DOI: 10.1148/radiol.2473072233
(Radiology 2008;247:602-604.)
© RSNA, 2008
Thyroid Nodules: Is It Time to Turn Off the US Machines?1
John J. Cronan, MD
1 From the Department of Diagnostic Imaging, Rhode Island Hospital, the Warren Alpert Medical School of Brown University, 593 Eddy Street, Providence, RI 02903. Received December 31, 2007; final version accepted January 22, 2008.
Address correspondence to the author (e-mail: jcronan{at}lifespan.org).
Discuss this article online at www.rsna.org/radiology/discuss.
The authors of the article "Benign and Malignant Thyroid Nodules: US Differentiation—Multicenter Retrospective Study" in this issue of Radiology (1) present a well-organized multicenter study evaluating ultrasonographic (US) findings associated with benign and malignant thyroid nodules. I review one to two manuscripts a month from groups throughout the world, looking to establish more specific criteria and ultimately define histologic specificity in distinguishing benign from malignant nodules. These US series are all retrospective evaluations of thyroid nodules that emphasize the overlap between benign and malignant appearance, as well as the need to perform fine needle aspiration (FNA) if a precise diagnosis is the goal.

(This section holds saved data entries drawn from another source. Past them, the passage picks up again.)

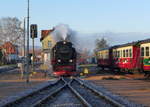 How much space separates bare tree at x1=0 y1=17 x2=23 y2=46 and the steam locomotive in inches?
2179

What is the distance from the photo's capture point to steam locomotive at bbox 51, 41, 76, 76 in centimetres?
3756

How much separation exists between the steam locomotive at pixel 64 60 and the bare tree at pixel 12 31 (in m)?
55.4

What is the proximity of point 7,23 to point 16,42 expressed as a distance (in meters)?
5.66

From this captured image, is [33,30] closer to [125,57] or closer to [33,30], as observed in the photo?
[33,30]

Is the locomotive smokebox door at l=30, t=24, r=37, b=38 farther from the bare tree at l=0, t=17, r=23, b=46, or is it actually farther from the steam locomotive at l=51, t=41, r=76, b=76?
the bare tree at l=0, t=17, r=23, b=46

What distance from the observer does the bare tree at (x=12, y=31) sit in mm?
92250

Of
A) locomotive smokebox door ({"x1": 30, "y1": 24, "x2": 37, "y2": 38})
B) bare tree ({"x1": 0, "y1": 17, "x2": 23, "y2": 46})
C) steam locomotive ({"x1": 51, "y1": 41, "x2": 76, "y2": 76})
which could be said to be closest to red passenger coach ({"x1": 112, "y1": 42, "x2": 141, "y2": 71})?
steam locomotive ({"x1": 51, "y1": 41, "x2": 76, "y2": 76})

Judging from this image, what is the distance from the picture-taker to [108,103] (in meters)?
15.8

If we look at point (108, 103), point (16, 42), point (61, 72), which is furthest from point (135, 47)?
point (16, 42)

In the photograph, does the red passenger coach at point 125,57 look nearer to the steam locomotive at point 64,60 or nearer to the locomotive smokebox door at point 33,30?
the steam locomotive at point 64,60

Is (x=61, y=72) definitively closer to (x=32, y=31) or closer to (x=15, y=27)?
(x=32, y=31)

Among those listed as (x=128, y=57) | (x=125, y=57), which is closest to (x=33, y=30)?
(x=128, y=57)

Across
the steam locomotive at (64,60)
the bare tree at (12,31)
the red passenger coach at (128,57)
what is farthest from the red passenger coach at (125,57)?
the bare tree at (12,31)

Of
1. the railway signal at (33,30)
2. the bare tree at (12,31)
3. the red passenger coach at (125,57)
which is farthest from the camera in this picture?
the bare tree at (12,31) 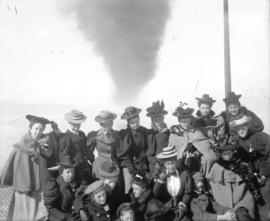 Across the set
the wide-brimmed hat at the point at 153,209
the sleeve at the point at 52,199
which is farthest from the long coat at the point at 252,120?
the sleeve at the point at 52,199

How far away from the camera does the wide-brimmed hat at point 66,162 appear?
15.0 feet

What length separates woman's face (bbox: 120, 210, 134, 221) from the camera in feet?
14.2

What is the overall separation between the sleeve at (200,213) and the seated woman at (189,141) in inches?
19.3

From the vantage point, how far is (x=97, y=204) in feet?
14.4

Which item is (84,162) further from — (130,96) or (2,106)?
(130,96)

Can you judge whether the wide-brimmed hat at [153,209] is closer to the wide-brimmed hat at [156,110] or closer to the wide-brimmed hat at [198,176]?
the wide-brimmed hat at [198,176]

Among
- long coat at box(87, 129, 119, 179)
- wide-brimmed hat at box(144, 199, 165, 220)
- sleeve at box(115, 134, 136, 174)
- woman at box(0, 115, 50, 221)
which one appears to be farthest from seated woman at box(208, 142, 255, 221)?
woman at box(0, 115, 50, 221)

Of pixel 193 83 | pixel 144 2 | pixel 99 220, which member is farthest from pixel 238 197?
pixel 144 2

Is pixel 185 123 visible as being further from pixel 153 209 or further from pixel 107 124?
pixel 153 209

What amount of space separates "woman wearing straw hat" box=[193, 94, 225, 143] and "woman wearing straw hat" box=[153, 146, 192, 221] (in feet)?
2.22

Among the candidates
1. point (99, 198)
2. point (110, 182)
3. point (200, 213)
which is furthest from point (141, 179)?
point (200, 213)

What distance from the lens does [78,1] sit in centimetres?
718

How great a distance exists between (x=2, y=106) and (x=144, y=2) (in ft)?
11.6

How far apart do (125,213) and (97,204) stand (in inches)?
14.1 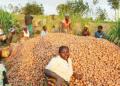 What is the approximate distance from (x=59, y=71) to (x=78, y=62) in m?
1.03

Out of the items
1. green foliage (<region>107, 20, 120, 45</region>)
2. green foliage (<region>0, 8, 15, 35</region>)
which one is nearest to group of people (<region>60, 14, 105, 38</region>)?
green foliage (<region>107, 20, 120, 45</region>)

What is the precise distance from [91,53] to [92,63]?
40 centimetres

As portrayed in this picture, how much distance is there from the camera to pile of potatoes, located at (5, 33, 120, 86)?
2.78 m

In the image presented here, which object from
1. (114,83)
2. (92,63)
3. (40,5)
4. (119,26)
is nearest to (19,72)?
(92,63)

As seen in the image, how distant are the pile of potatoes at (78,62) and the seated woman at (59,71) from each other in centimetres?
48

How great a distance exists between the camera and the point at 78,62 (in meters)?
3.16

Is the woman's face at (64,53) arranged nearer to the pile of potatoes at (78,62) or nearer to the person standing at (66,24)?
the pile of potatoes at (78,62)

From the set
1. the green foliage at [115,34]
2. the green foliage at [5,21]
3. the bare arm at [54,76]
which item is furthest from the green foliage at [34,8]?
the bare arm at [54,76]

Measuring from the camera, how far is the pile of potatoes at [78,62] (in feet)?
9.13

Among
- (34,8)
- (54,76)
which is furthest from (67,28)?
(34,8)

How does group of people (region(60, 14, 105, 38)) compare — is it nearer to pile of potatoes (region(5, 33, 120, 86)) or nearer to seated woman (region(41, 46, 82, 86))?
pile of potatoes (region(5, 33, 120, 86))

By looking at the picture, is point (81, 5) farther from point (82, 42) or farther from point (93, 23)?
point (82, 42)

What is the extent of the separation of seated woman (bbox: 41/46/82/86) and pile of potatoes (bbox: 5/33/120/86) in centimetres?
48

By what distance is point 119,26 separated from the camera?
5.05 meters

The degree of overlap in the US appearance of benign and malignant nodules is great enough that a cytologic FNA sample is usually necessary to make the diagnosis of a benign or malignant nodule. The Society of Radiologists in Ultrasound consensus panel acknowledged that, "[a]lthough there are certain trends in the US distinction of benign and malignant thyroid nodules, there is also overlap in their appearances. Because of the inconsistent predictive value of US features, most agree that FNA and cytopathologic evaluation of a thyroid nodule are usually required before a patient undergoes surgical resection for a possible thyroid malignancy" (2).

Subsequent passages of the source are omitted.